# Favorite Age!



## Úlairi (Feb 26, 2002)

Hi people! What is your favorite age of Tolkien's Middle-earth??? The first, second or third age? Put your answers in the poll above!


----------



## ssgrif (Feb 26, 2002)

Has to be the 3rd age for me, lots going on...


----------



## Beleg Strongbow (Feb 26, 2002)

> _Originally posted by ssgrif _
> *Has to be the 3rd age for me, lots going on... *






1st age it is the longest (i think) and has the most action and bmy favourite deeds in it.


----------



## Mormegil (Feb 26, 2002)

The First Age was my favourite, with great heroes such as Turin, Beren, Fingolfin and Finrod.
It also has the best battles and stories. 
Also it showed that Elves could be evil, with some of the deeds done by Maeglin, Eol and the Son's of Feanor.


----------



## Woo (Feb 26, 2002)

Its gotta be the first age because every major and little event led up to and affected the events in the 3rd age with the war and destruction of the ring.
Such as what if Turin & Nienor never died, also what if Gluarung never perished.
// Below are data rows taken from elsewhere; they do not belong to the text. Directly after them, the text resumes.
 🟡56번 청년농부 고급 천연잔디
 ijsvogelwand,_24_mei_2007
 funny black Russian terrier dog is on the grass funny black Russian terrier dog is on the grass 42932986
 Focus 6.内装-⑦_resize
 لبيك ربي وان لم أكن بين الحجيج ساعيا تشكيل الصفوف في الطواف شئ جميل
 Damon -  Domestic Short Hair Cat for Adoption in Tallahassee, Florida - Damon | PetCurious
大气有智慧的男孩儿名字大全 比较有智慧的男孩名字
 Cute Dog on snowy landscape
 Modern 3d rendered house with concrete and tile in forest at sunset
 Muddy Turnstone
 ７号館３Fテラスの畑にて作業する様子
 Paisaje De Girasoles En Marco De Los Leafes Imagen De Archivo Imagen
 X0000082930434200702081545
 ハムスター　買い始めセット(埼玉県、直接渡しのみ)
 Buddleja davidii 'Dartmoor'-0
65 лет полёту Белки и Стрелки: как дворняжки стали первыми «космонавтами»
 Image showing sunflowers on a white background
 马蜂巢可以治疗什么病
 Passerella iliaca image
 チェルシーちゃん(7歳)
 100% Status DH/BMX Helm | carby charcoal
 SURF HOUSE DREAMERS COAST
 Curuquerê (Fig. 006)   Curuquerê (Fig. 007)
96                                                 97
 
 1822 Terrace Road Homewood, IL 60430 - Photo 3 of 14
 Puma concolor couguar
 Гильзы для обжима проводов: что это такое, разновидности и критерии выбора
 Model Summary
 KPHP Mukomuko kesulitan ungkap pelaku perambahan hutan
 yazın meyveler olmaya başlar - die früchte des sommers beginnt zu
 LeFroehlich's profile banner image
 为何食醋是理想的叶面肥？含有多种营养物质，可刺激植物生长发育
And there aint been no female ever to walk Arda such as Luthien who is immaculate!!


----------



## Goro Shimura (Feb 26, 2002)

The Akallabeth (Pontifex-- please help with spelling here!) is my favorite.

What a story!

The Numenoreaons "hardening their hearts"...
Sauron in the temple... sacrificing "the faithful" to Morgoth...
Isildur rescuing the fruit of the White tree...
And finally... the swallowing up of Atlantis.


Let's see... the first age ends with the breaking of Thangoradrim (help, Pontifex!) and the second age ends with Isildur cutting the ring from Sauron's hand, right?


----------



## Lantarion (Feb 26, 2002)

Correct, Goro: just put a little hat on the 'e' (ê) and you're set. 
I voted for the First Age too, for all the reasons others have posted. And if you think there's lots happening in the Third Age, what about the 1st! Whew! 
But really, I think that the Silmarillion is a far more interesting, emotional, deep and myth-like tale than the Lord of the Rings. I love the LotR for its narrativeness and extreme depth of explanation, but I love the Sil even more for its incredible history.


----------



## Snaga (Feb 26, 2002)

I voted for the third... loads going on yes, but with hobbits in too!

NB: Beleg the first age is quite short. Less than a thousand years. Surprising, but true. By contrast the third is about 3000 years.


----------



## Urylia (Feb 26, 2002)

The end of the third age and the beginning of the fourth. Why you may ask? Becasue Aragorn is there!!!


----------



## StriderX (Feb 26, 2002)

Definetly the 1st age because it had the most action and I loved Turin.


----------



## Beleg Strongbow (Feb 26, 2002)

> _Originally posted by StriderX _
> *Definetly the 1st age because it had the most action and I loved Turin. *




yeah it had just the best stuff going on.


----------



## Camille (Feb 26, 2002)

first age!!!!! I like elves better!


----------



## Mormegil (Feb 26, 2002)

Only 2 people have voted for the 2nd Age. Is this because there are no main stories from that Age. All we have is in appendices and the Akallabeth.
The 2nd Age isn't boring, it's just that we don't know much about it.


----------



## Ancalagon (Feb 26, 2002)

My favourite age was when I was about 23 or 24, it all went downhill from there on in.


----------



## Beleg Strongbow (Feb 26, 2002)

> _Originally posted by Ancalagon _
> *My favourite age was when I was about 23 or 24, it all went downhill from there on in. *




Ahh last time i checked we were only up to the 4th???? lol


----------



## imladris (Feb 27, 2002)

That's the first age for me, because you had the greatest battles then.
Also you had the coolest guys, like Beren and Fingolfin.


----------



## Lantarion (Feb 28, 2002)

And Túrin! Wow, now there's a steadfast chappy! Hail Túrambar!!


----------



## imladris (Feb 28, 2002)

exactly.


----------



## Mormegil (Feb 28, 2002)

Yay Turin. The Mormegil!!


----------



## Dengen-Goroth (Feb 28, 2002)

First age. The Greatest Evil, the Greatest light. Kin-Slaying, Dwarven war, collapse of glory. It is glorious! BTW, I would think the first was longer then only 1,000.


----------



## Anduril (Feb 28, 2002)

I agree with those who chose the 1st age...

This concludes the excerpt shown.